It is Christmas 1965. I am a Peace Corps Volunteer in Kabul, Afghanistan. My roommate, a devout Roman Catholic at the time, wants to go to midnight mass at the chapel of the Italian Embassy. Sounds good to me so off we go on our bicycles riding across Kabul city from Karte Char to Shash-Darak, about 4.5 to 5 miles. Now think on this. We are young women. I am 22 and she is 19. We are wearing American clothes, winter coats with gloves and hats. No veils, no head scarves, no perhan tumban etc. At the completion of mass it is 1:00 a.m. Christmas morning. As we exit the chapel, it is snowing! Lovely light snowflakes are drifting from the black sky.
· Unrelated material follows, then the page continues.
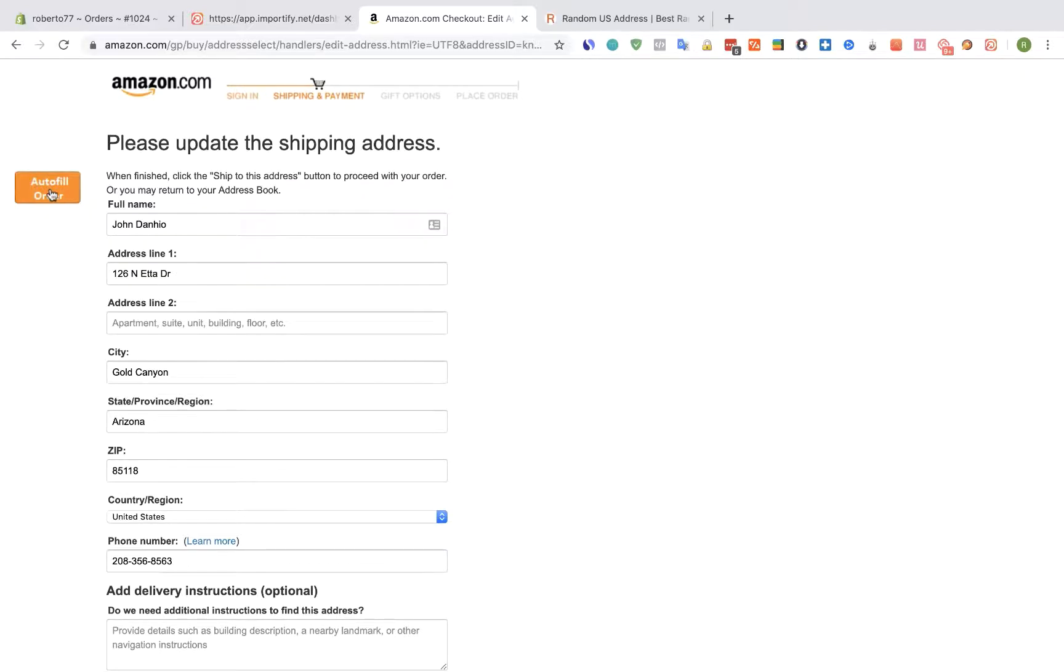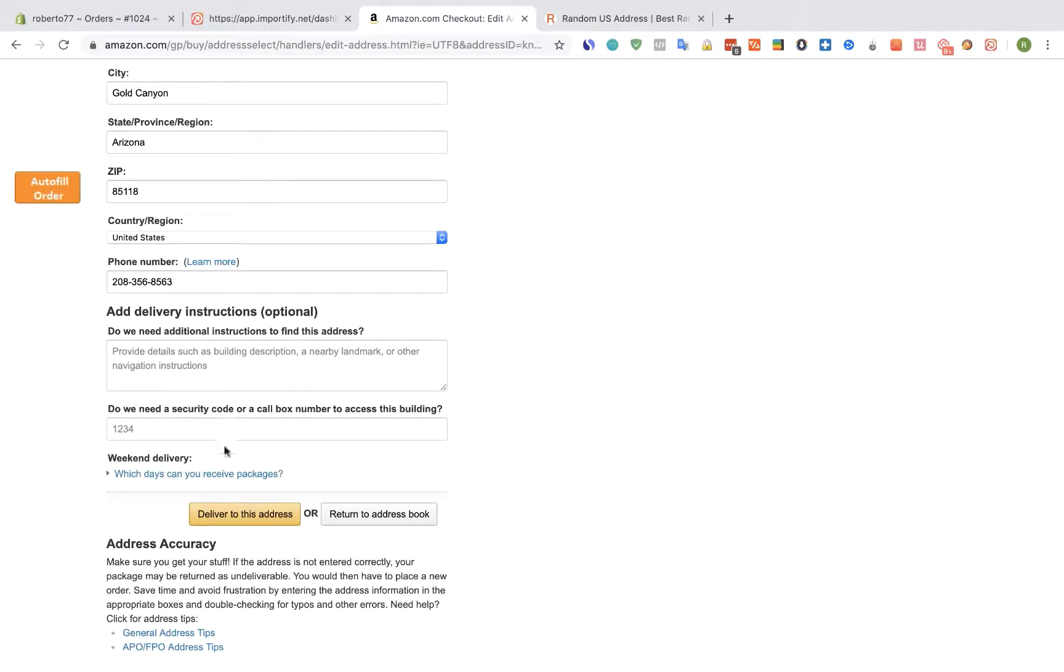Importify will autofill the address for this order. Scroll down and click on deliver to this address.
The houses of Kabul, many of which go up the mountain sides, are adobe and look like houses of the Holy Land 2,000 years ago. It is amazingly beautiful and Christmasy. We ride our bikes back across the city, singing O Holy Night, Silent Night, Rudolph the Red-Nosed Reindeer, O Little Town of Bethlehem - shouting at the top of our lungs. We see no other people all the way home. No one objects to any of this nor do we expect them to.
Photo by Luke Powell
You know, these snippets from another Afghanistan could be made into a lovely short movie, especially if one could capture the mood of both your writing and Luke' s photos.